Summers then asked about the potential effectiveness of the current government’s plan of direct action, with Flannery’s answer managing to draw a few laughs; ‘Well Anne, what is direct action? I don’t think anyone knows, we’re waiting to hear?’ Unsurprisingly, it’s an economic approach that Flannery suggests will achieve the greatest effect, suggesting ‘if you ask economists what the best way of dealing with carbon pollution is, they’ll say put a price on it… because it works.’

The angry summer of 2012 / 2013. Professor Flannery and the Climate Council predict things will be worse if no action is take. Photo: Climate Council. 

The angry summer of 2012 / 2013. Professor Flannery and the Climate Council predict things will be worse if no action is take. Photo: Climate Council. 

Flannery then extends his commentary to the management of the Australian environment as a whole; ‘Ecosystems are important; they’re what sustains us. What we don’t do, so often in environmental issues, is ask where are the key issues and then cost effectively address them.’ Its here where the normally softly spoken Flannery raised his voice somewhat, the passion obvious as he reflected on Australia’s current environmental policies, ‘we don’t seem to prioritise; we don’t seem to hold people accountable. If we fail and species go extinct, who is accountable?’

Despite the apparent dire situation, Flannery remains hopeful; ‘I do have a deep faith in human nature, I do have a deep faith that we’ll deal with this issue when we understand what’s at stake.’ Throughout the 90 minutes for which Flannery was on stage, this was the point to which he kept returning to and reinforcing – the need for education and understanding of the issue. It’s a notion that’s unfortunately lacking across a number of issues in which ignorance breeds resistance.

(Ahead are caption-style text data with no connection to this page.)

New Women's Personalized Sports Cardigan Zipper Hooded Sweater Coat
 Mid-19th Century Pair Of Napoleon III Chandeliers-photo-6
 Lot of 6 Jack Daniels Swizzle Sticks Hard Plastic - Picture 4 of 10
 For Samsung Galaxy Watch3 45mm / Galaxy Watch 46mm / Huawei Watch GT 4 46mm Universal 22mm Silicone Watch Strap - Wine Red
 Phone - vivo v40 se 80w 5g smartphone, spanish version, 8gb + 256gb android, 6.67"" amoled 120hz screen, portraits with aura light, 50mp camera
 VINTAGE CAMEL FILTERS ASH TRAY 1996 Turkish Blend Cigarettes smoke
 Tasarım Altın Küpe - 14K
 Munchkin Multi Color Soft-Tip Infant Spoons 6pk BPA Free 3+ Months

Arguably the best part of the night came as Anne Summers finished her interview and allowed the audience to question Flannery. The questions were far reaching from in depth climate science to Flannery urging the general public to stand up and take action. In particular, his suggestion for younger people, ‘If I was a student now... I’d get involved with organisations that are dealing with clean energy. Certainly get involved with the Australian Youth Climate Coalition. Or I would get involved with politics.’

His answer for dealing with climate sceptics is brilliantly simple, suggesting that the basic question of ‘What would it take to change your mind?’ is enough to encourage people to stop and think. Flannery then reinforced this by suggesting that ‘a lot of their problem is they’ve stopped listening. So I think that question is really important as it re-engages them.’

Importantly, an event such as this highlights how vital scientists like Tim Flannery truly are. Not only are they fantastic researchers, but also they’re wonderful and engaging communicators prepared to speak out on important issues. Mention must also be made also of Anne Summers, who proved to be an excellent interviewer, never rushing Flannery through his anecdotes or answers to her questions. Those in attendance have been given one powerful thing tonight – hope. The fact that Flannery remains confident that climate change can be curtailed serves as sound advice for us all to not give up just yet.